I was glad I had the chance to talk with Robin. He was eager to share his thoughts, and would do so with anybody who has the time to ask.
I am also eager to read of others' opinions on his views.
I am not in regular contact with him, so please do not ask me to ask him. Go ahead and ask him yourself.
This post is an effort to share what he told me and I am open to hearing other points of view.
Finally, as a climber who does not set routes, i am always grateful to those who spend countless hours and money helping me enjoy climbing. Thank you.
Other than that, having the new insight you've just provided jefffski, Robin's anchors sound great. In the past, having trusted them less as they appear a little shady, I was always nonetheless grateful for and amazed by Robin's prolificacy.
After spending a summer in Skaha, if you don't appreciate Barley bolts, there's something wrong with ya!
RE: rope drag/far away anchors on wonderland
"Ton of rope drag having the bolts that far back from the edge too, probably better to use the tree there anyway..."
The easiest way i've found to reduce the drag is to run out the final wide crack, then the rope just runs straight down over the edge, no drag and safer for the second too, if you place pro in the final easy crack and your second falls off the bellycrawl they will swing into the trees for sure, whatever works for you i guess...
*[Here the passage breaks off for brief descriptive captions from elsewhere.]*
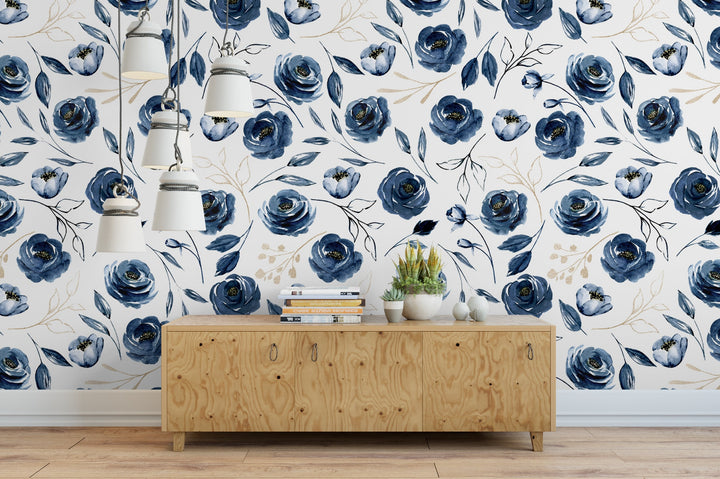 Blue Floral Navy Wallpaper MW1198med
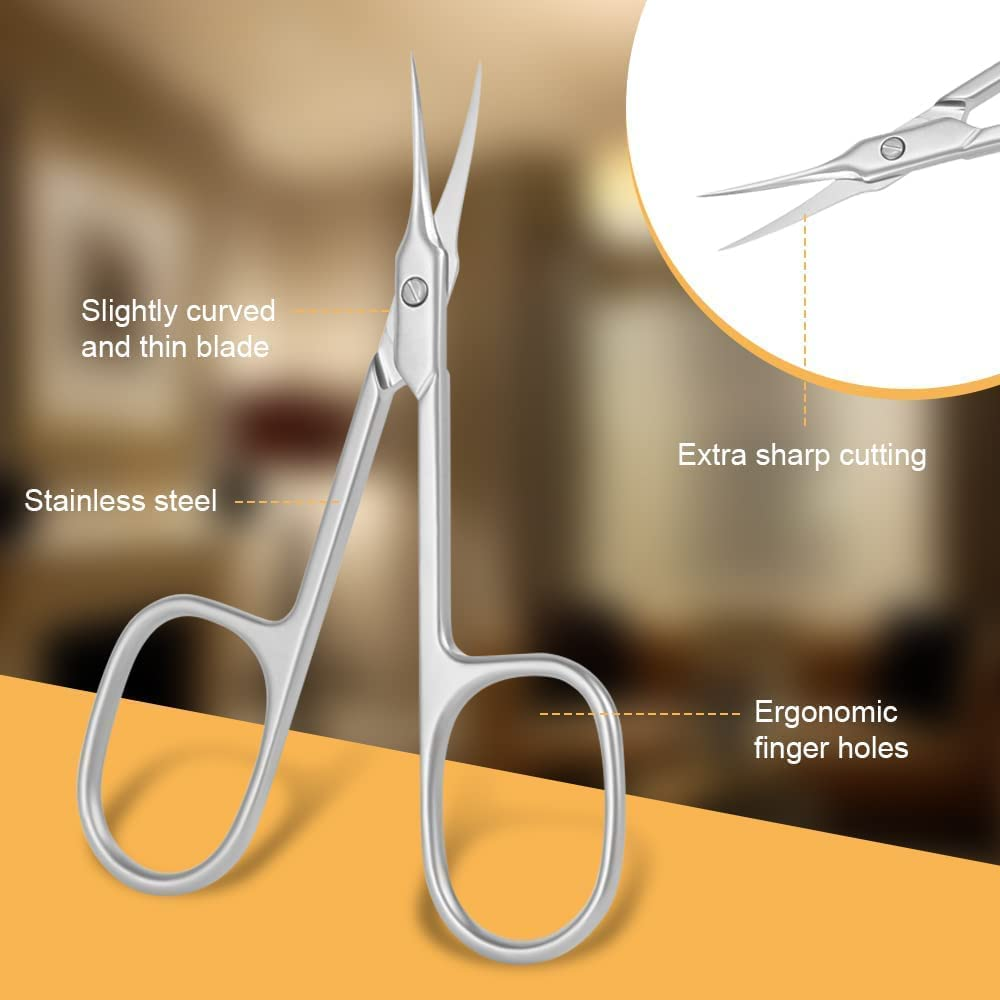 Nail Scissors, Professional Stainless Steel Curved Cuticle Scissors, Sharp Dead Skin Scissors Manicure Scissors, Pointed Beauty Scissors for Trimming Eyebrows, Nose Hair, Finger & Toe Nail Care image number 3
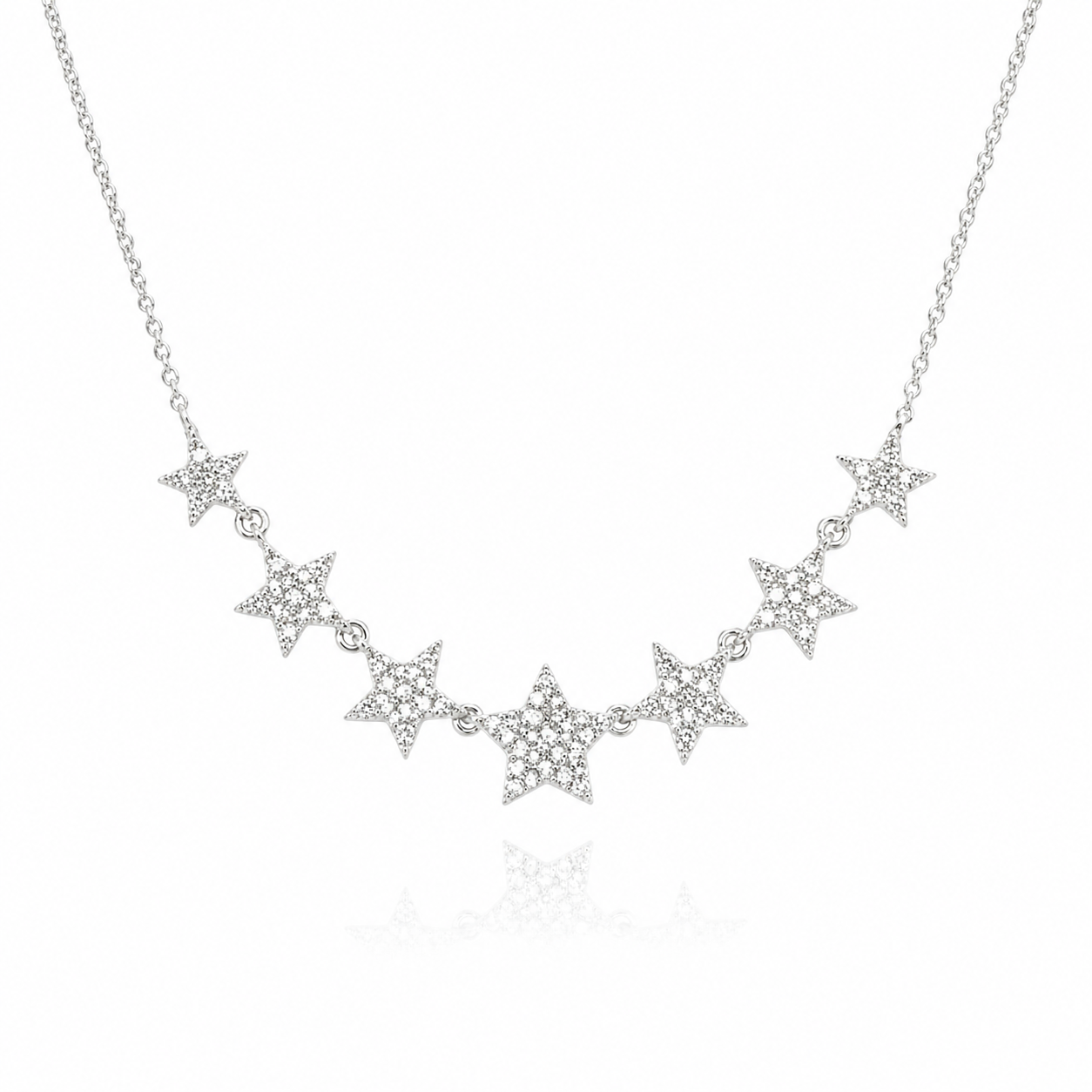 White Gold Graduating Stars Pave Diamond Necklace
Here's a link to the interesting thread on cc.com, with pics:
http://cascadeclimbers.com/forum/ubbthr ... Post902857
Galvanic corrosion appears to be to blame, that and a coated (non-stainless) hanger made by Kong. I don't think those were ever used much on Squamish new routes?
First two or three protection bolts on supercharger are pretty rusty.
Teetering on the brink of madness has some new stainless bolts - 1/4 inchers!